Gli apolidi di sinistra stanno diventando il fenomeno più rilevante di questa stagione della sinistra. Dall’impegno al disimpegno, dalla militanza all’auto-isolamento. Vanno via in silenzio o sbattendo la porta, non chiedono ospitalità all’altra parte anche se non accettano più la demonizzazione di Berlusconi e le manette di Di Pietro. È gente comune e gente eccellente, sono stati rivoluzionari o riformisti. Ora sono più niente, ovvero sono di sinistra ma di una sinistra fatta in casa, celebrata entro le quattro mura. Hanno ritirato la delega, non si fidano, non sopportano più le vecchie facce e la loro fuoriuscita viene accolta dal silenzio sgomento di chi è incapace di reagire di fronte a ragioni che non possono essere contrastate.
L’apolide di sinistra rivela il fallimento della sinistra attuale. La caduta degli dei. In fondo è la dichiarazione di fallimento di chi cantava che «la storia siamo noi» e scopre che la storia è diventata cronaca di duelli personali, di tragedie giudiziarie, di contrappasso rispetto alle prediche moralistiche di Enrico Berlinguer. Per anni l’apolide ha vissuto accanto a noi, dentro di noi, ma veniva esorcizzato dal pericolo del regime del «demonio» berlusconiano.

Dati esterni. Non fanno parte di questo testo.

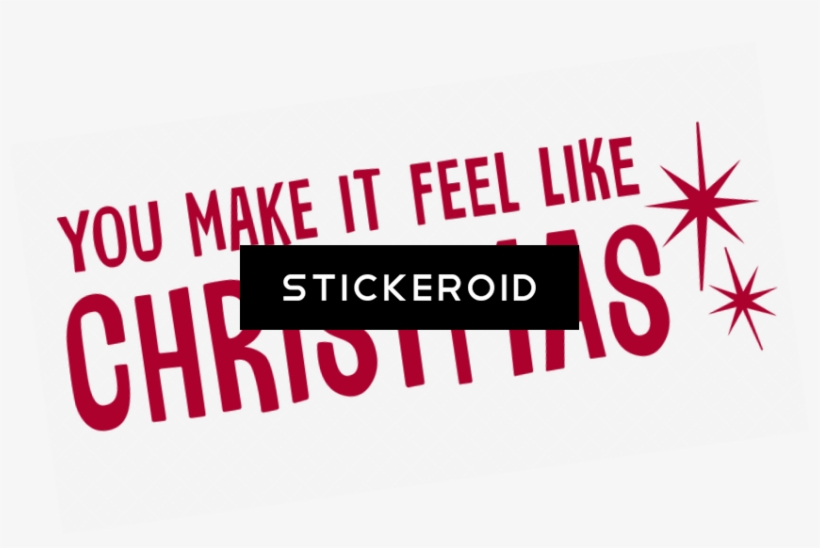 You Make It Feel Like Christmas - Graphic Design, transparent png download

Erano dalla parte della ragione, ovvero, come recitava orgogliosamente il Manifesto, dalla parte del torto snobistico. Ora scoprono di essere soli e di essere un esercito di persone sole. È gente che sceglie di appartarsi per poter continuare a credere alla politica che diventa un rito pagano da consumarsi davanti ad altari familiari privi di vita comunitaria.

Li ho chiamati apolidi di sinistra, ma sono un nuovo popolo di «camminanti» che sa dov’era, ma non so dove andrà.